There is: we can measure the wavelengths of long-wave radiation leaving the Earth (upward radiation). Satellites have recorded the Earth's outgoing radiation. We can examine the spectrum of upward long-wave radiation in 1970 and 1997 to see if there are changes.
Figure 2: Change in spectrum from 1970 to 1996 due to trace gases. 'Brightness temperature' indicates equivalent blackbody temperature (Harries et al. 2001).
This time, we see that during the period when temperatures increased the most, emissions of upward radiation have decreased through radiative trapping at exactly the same wavenumbers as they increased for downward radiation. The same greenhouse gases are identified: CO2, methane, ozone and so on.
The Empirical Evidence
As temperatures started to rise, scientists became more and more interested in the cause. Many theories were proposed. All save one have fallen by the wayside, discarded for lack of evidence. One theory alone has stood the test of time, strengthened by experiments.

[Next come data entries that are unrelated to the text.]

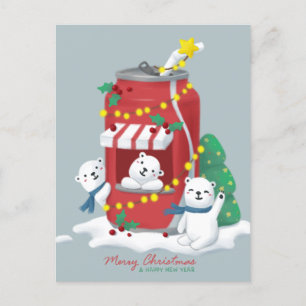 Postal Feliz Navidad: Oso Polar y lata de soda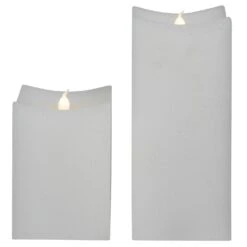 Northlight LED Flickering Flameless Wax Rectangular Candles - 8" - White - Set Of 2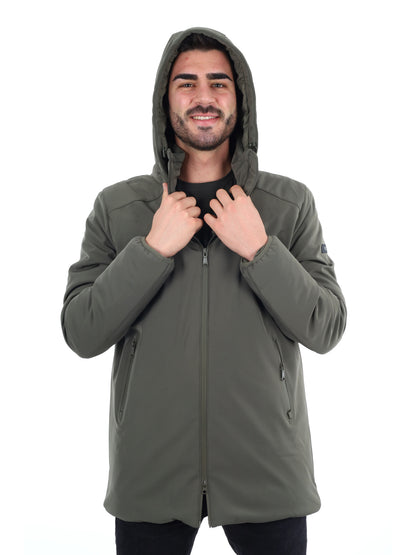 GIACCONE SOFT SHELL CON CAPPUCCIO YES ZEE DA UOMO VERDE MILITARE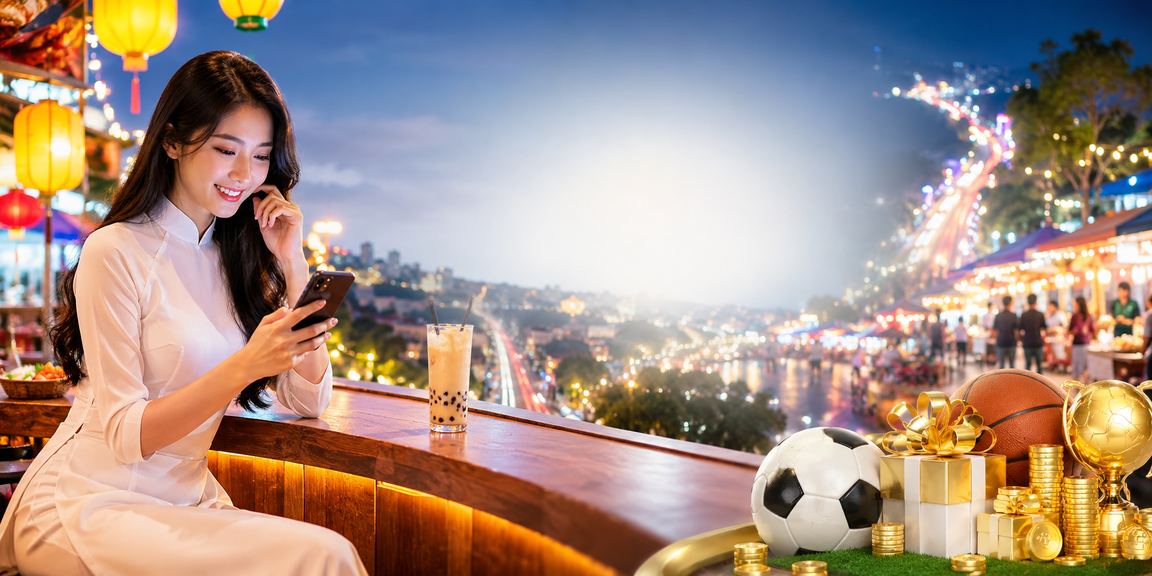 Phụ nữ áo dài tại Đà Lạt chơi casino trên điện thoại di động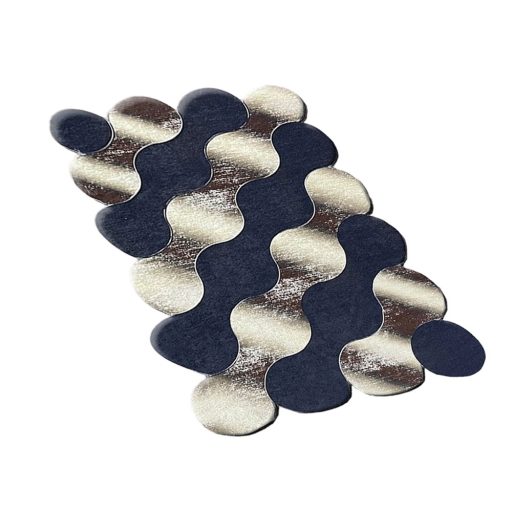 Kavics mintás fürdőszoba szőnyeg szett, kék-arany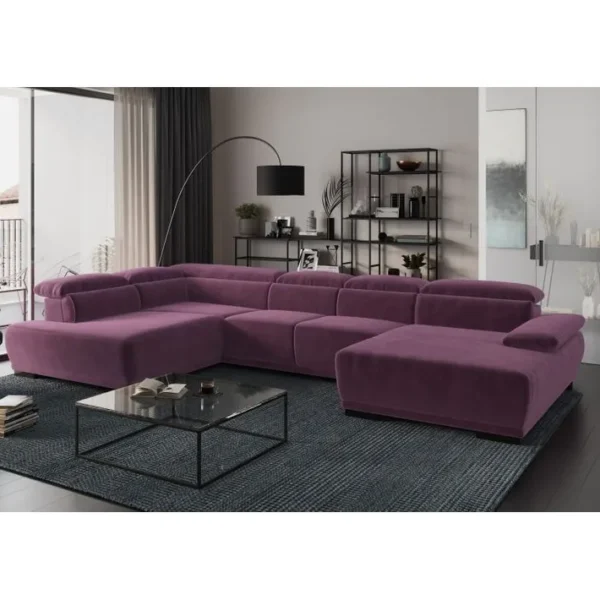 Canapé panoramique TORINO à gauche tissu velvet violet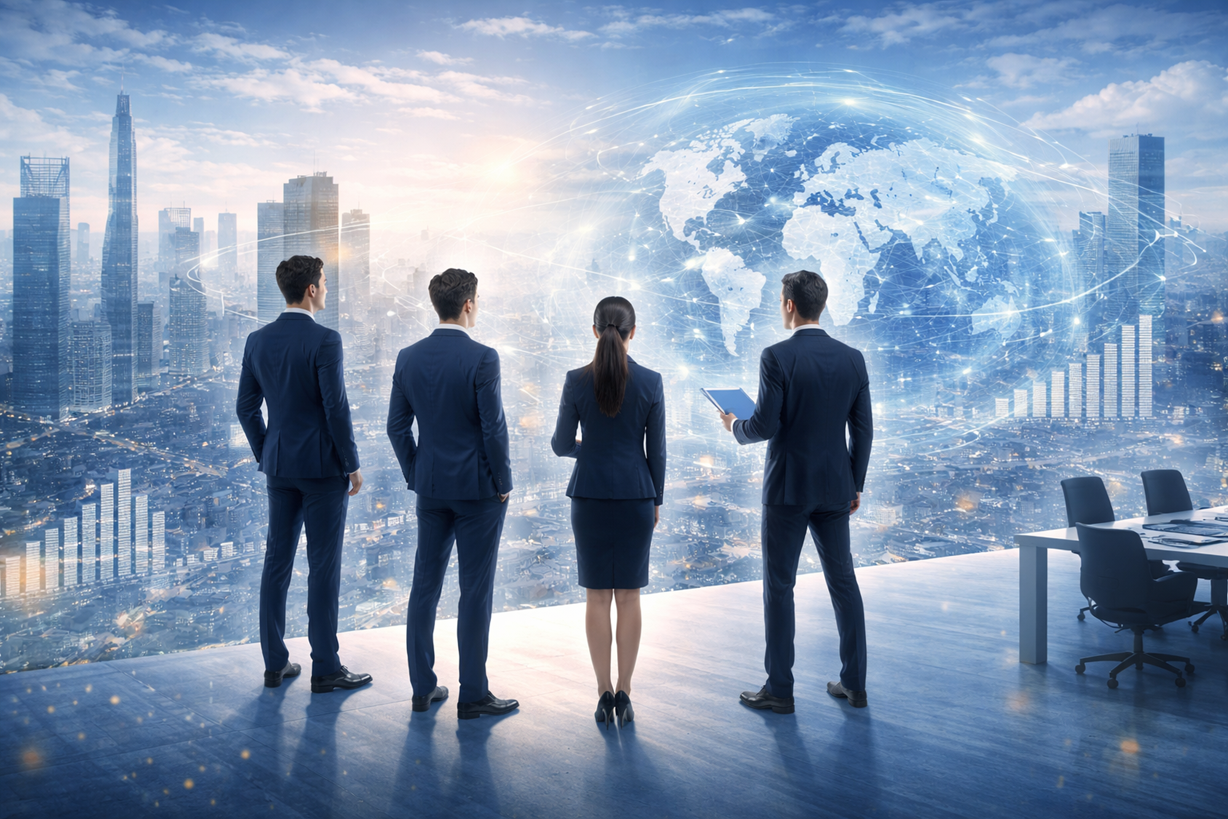 夜景を背景にノートパソコンとデスクが置かれた研修事業部のイメージ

We have known CO2 absorbs and re-emits longwave radiation, since the days of Foote, Tyndall and Arrhenius in the 19th Century. The theory of greenhouse gases predicts that if we increase the proportion of greenhouse gases, more warming will occur.
Scientists have measured the influence of CO2 on both incoming solar energy and outgoing long-wave radiation. Less longwave radiation is escaping to space at the specific wavelengths of greenhouse gases. Increased longwave radiation is measured at the surface of the Earth at the same wavelengths.